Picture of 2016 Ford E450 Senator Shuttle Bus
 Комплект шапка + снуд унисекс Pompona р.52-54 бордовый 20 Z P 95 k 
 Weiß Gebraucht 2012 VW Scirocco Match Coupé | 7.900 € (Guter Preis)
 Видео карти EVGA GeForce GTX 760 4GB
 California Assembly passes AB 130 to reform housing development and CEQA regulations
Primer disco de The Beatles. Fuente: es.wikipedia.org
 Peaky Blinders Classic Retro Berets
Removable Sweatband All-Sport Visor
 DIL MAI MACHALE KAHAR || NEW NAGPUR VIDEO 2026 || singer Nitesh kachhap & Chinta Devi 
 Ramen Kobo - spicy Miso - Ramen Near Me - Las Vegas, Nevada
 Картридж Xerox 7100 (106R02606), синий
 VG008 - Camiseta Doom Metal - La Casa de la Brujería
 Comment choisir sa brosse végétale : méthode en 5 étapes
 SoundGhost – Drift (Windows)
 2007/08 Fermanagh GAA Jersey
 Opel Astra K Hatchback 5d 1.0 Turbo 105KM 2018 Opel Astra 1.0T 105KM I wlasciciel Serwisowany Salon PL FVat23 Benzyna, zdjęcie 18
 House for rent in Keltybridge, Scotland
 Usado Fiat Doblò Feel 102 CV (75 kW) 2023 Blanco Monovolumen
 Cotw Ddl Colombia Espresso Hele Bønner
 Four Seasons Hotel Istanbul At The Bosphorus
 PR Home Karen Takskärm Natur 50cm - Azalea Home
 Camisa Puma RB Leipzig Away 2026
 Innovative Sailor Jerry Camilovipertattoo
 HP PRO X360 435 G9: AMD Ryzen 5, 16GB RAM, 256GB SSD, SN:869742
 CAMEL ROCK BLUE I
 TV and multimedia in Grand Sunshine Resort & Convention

* _ABOUT THIS EXERCISE_
Could you return exactly the lines above from the line with "VG008 - Camiseta" to the line with "2007/08 Fermanagh GAA Jersey", both included, and nothing else?

* _YOUR RESPONSE_
 VG008 - Camiseta Doom Metal - La Casa de la Brujería
 Comment choisir sa brosse végétale : méthode en 5 étapes
 SoundGhost – Drift (Windows)
 2007/08 Fermanagh GAA Jersey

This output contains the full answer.